Synthetic Biology

A draft foresight paper on synthetic biology released by the Department of Biotechnology has stressed the need for a national policy that can consolidate India’s stand on the issue.

  • The document looks not only at the global policies and protocols that have to be kept in mind while developing such a policy but also attempts to define synthetic biology and how intellectual property rights will be applicable to resulting processes and products.

Synthetic biology refers to the science of using genetic sequencing, editing, and modification to create unnatural organisms or organic molecules that can function in living systems. Synthetic biology enables scientists to design and synthesise new sequences of DNA from scratch.

Synthetic biology has applications in various fields from developing synthetic organisms for vaccination to creating natural products in a lab such as vanillin, the organic compound extracted from vanilla seeds, which can now be grown in yeasts with additional plant genomes.
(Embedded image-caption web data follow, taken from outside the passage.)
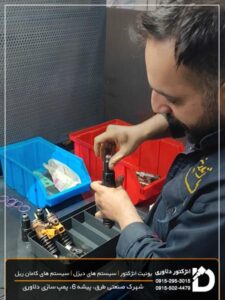 Volvo FH500 Euro 6 injector needle repair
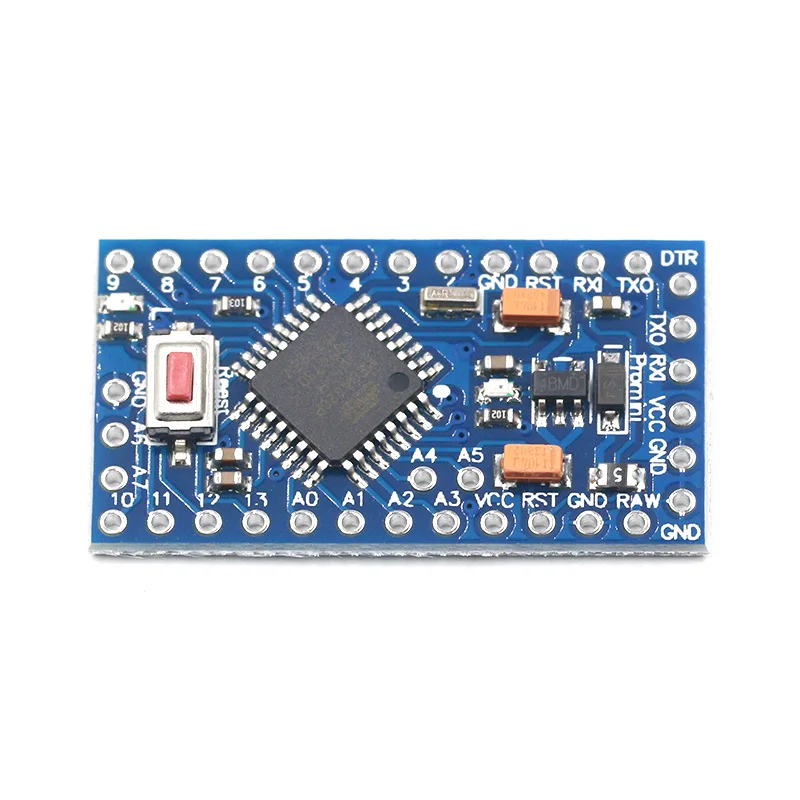 ATMEGA328 3.3V 16MHz ATMEGA328P 3V 5V Pro Mini 328 Mini ATMEGA328 5V 16MHz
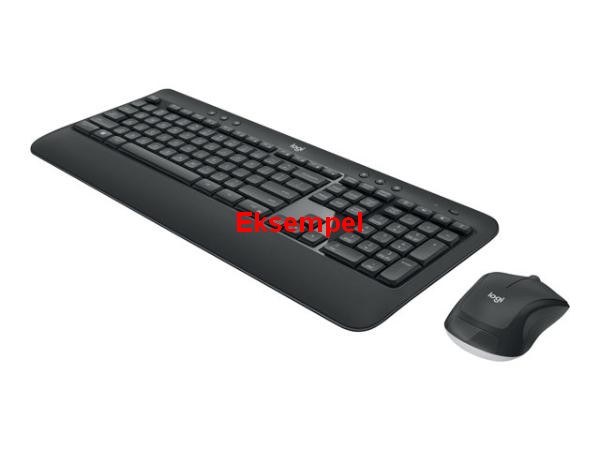 Logotech mouse and keyboard
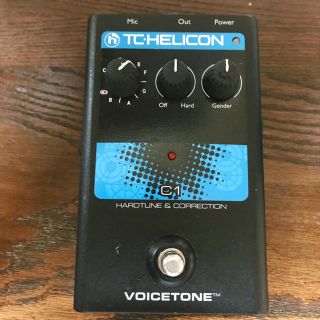 TC Heilcon C1(エフェクター)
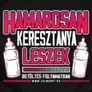 Keresztanya leszek női póló (B_Fekete)
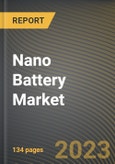 Nano Battery Market Research Report by Technology, Application, State - Cumulative Impact of COVID-19, Russia Ukraine Conflict, and High Inflation - United States Forecast 2023-2030- Product Image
  • In the pharmaceutical industry, synthetic biology can be used to make natural compounds such as artemisinin used for the treatment of malaria and Car T cell therapy for cancer treatment
  • It is starting to be used in the fashion industry as well; some companies are exploring the possibility of dyeing jeans without producing hazardous waste.
  • Then there are companies using it to deliver fixed nitrogen to plants instead of using fertilisers, engineering microbes to create food additives or brew proteins.